Olive tree (photo: Deborah D’Aloisio)
by Sherry Marr
Recently, I read a fascinating book by Scottish journalist Cal Flyn, titled Islands of Abandonment – Nature Rebounding in the Post-Human Landscape. Flyn traveled to twelve locations around the world, each embodying a different aspect of abandonment and natural reclamation after devastation. She found that in such areas, once humans withdraw, nature quietly becomes sanctuary to wild birds and creatures. It sets about busily re-greening, rebounding and flourishing in our absence. I find this very hopeful.
Flyn writes,
In this book, we will travel to some of the eeriest and most desolate places on Earth….What links these sites is their abandonment by humans: whether due to war or disaster, disease or economic decay, each location has been left to its own devices….Nature has been allowed to work unfettered – providing insight into the wisdom of an environment in flux.

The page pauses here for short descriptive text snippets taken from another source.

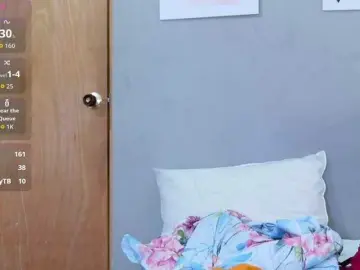 Bongacams Free Live Porn of daddysneakin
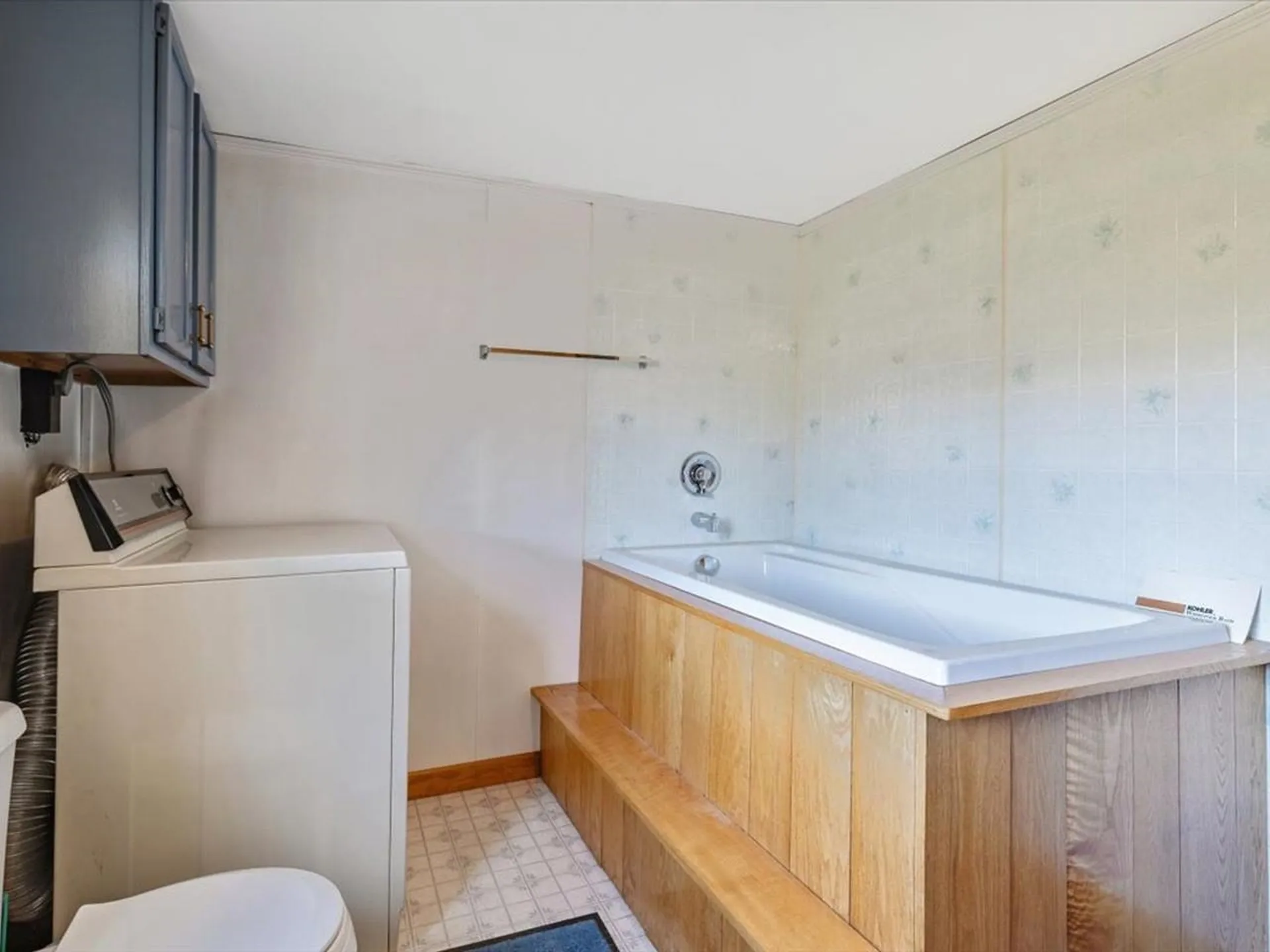 5923 Duffy Hill Road Fairfield VT 05455
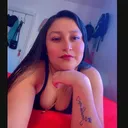 @anabeljoselyn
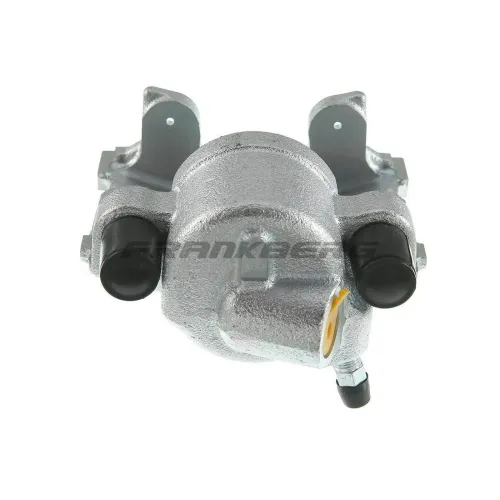 Bremssattel Frankberg 5481FB0002886 Bild Bremssattel Frankberg 5481FB0002886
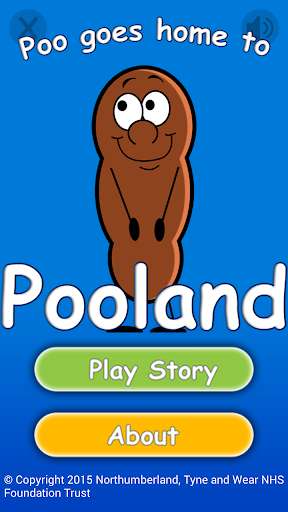 Run android online APK Poo Goes to Pooland from MyAndroid or emulate Poo Goes to Pooland using MyAndroid Run android online APK Poo Goes to Pooland from MyAndroid or emulate Poo Goes to Pooland using MyAndroid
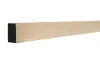 Молдинг DECOR DIZAYN 611-90SH 3(м)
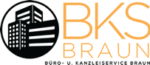BKS Braun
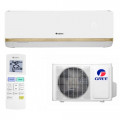 GREE GWH12AAB-K3DNA5A/A4A
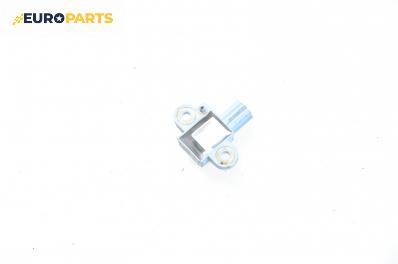 Сензор airbag за Volkswagen Golf V Hatchback (10.2003 - 02.2009)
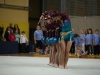 img_8922n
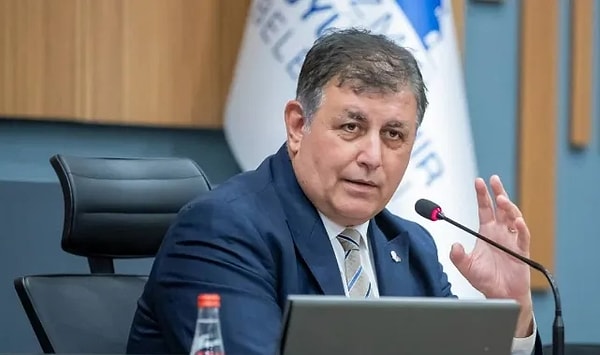 Barış Yarkadaş’tan, düzenlenen operasyon hakkında sürpriz bir iddia geldi.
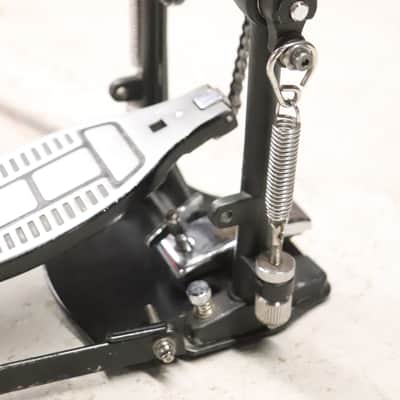Mapex Single Chain Double Bass Drum Pedal image 6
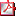 Loại t�̣p: pdf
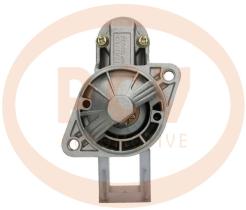 · 150519082R - ARRANQ.HYUNDAI 1.2 KW KOREA REMAN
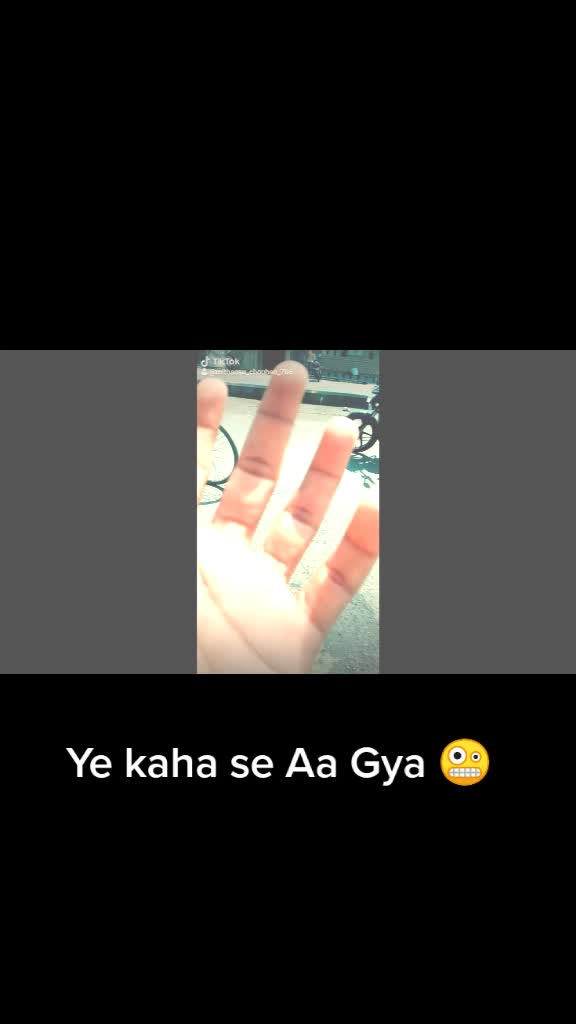 @👑Mithansu_Chouhan👑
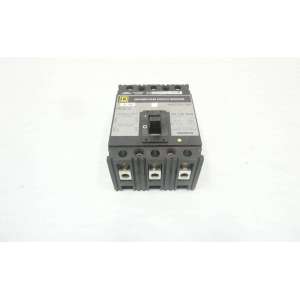 FAL36040 SQUARE D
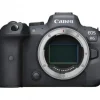 Sale Canon EOS R6 Mirrorless Digital Camera (Body Only)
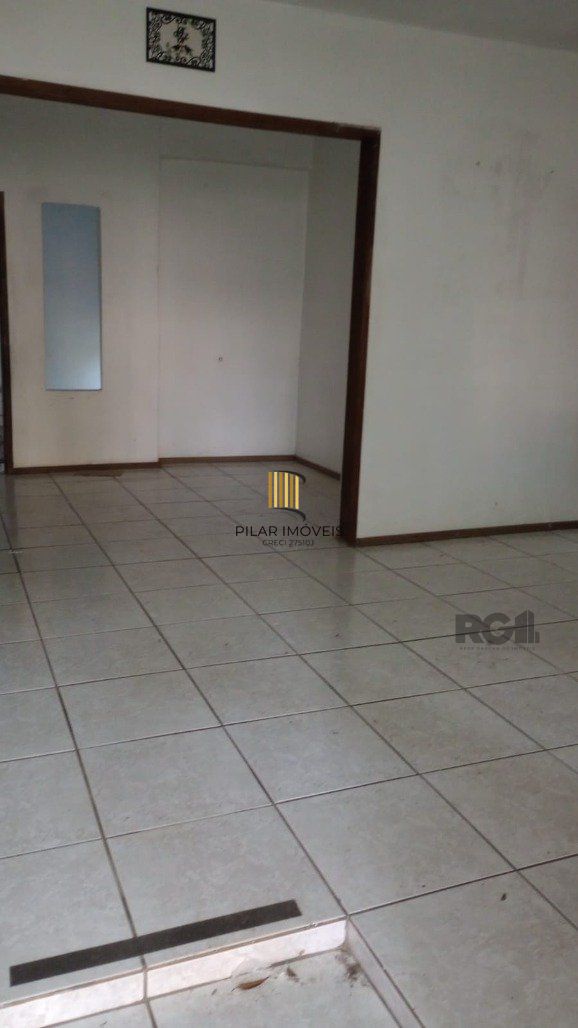 Casa 7 dormitórios no bairro Jardim Carvalho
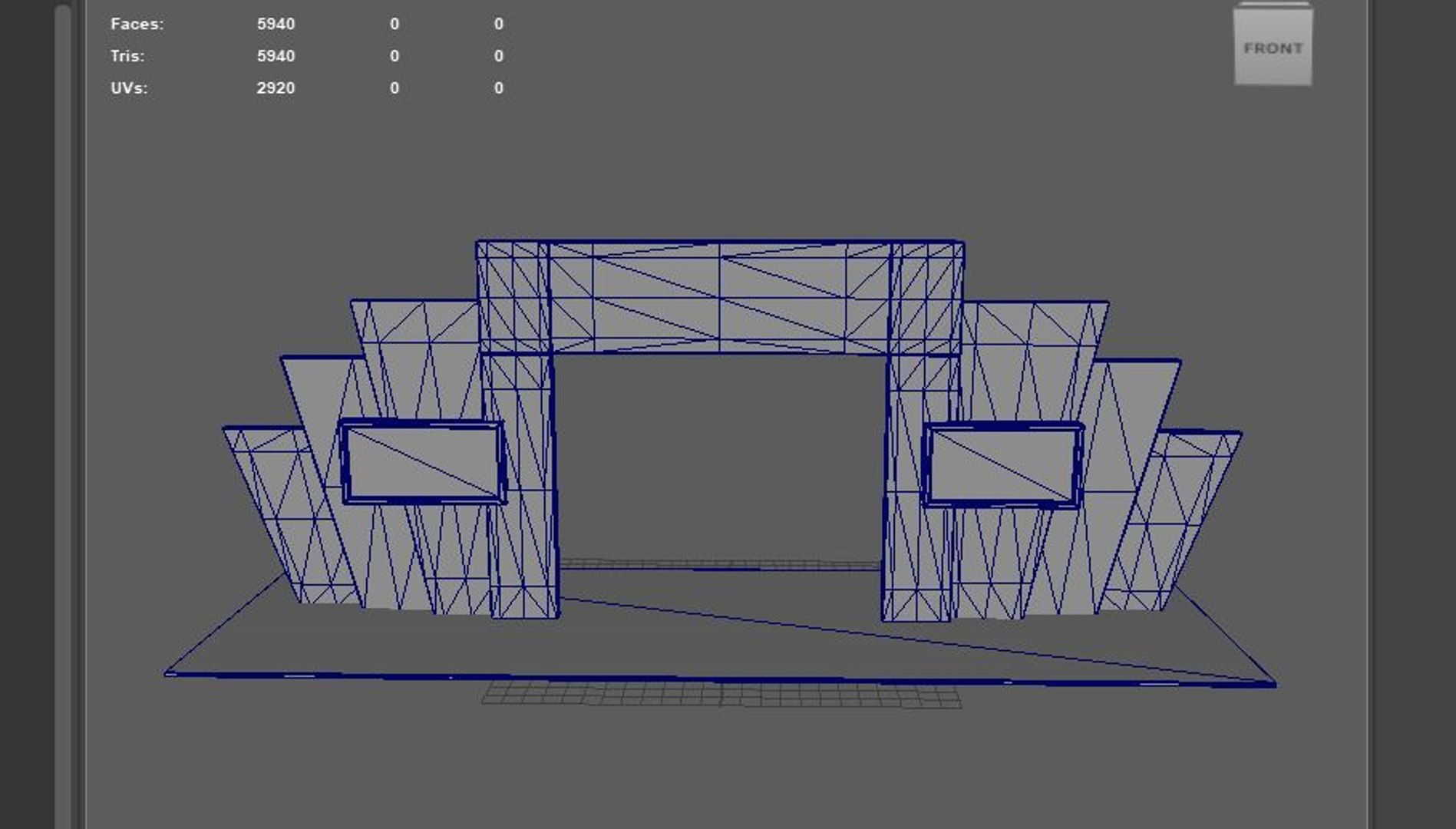 entrance 06 3D model 3D https://p.turbosquid.com/ts-thumb/cp/53OWaU/hr/331/jpg/1776469833/1920x1080/fit_q87/83452d5f8d7062494538c163ff8a3aacc9aafc1c/331.jpg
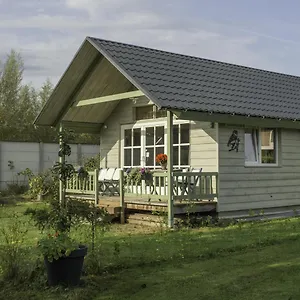 De Bosuil , Steensel Nederland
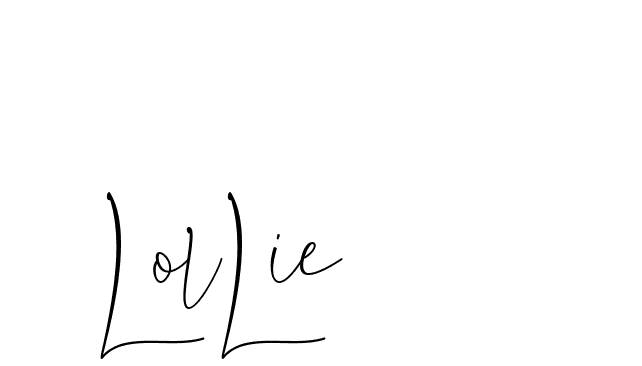 The best way (ChemistryFont-0WYqX) to make a short signature is to pick only two or three words in your name. The name Ceard include a total of six letters. For converting this name. Ceard signature style 2 images and pictures png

“…What draws my attention is not the afterglow of pristine nature as it disappears over the horizon, but the narrow band of brightening sky that might indicate a fresh dawn of a new wild as, across the world, ever more land falls into abandonment.”
Flyn believes that humankind is in the midst of a huge self-directed experiment in rewilding, as humans draw back and nature reclaims what is hers. “The absence of people, startlingly, proves more beneficial to an environment than contamination or minefields are deleterious.” I think we can all agree with that statement.
The long shadow that we, as a species, leave upon the earth is an afterlife, of a sort….
We have written ourselves into the DNA of this planet, laced human history into the very earth. Every woodland is a memoir made of leaves and microbes that catalogue its ecological memory.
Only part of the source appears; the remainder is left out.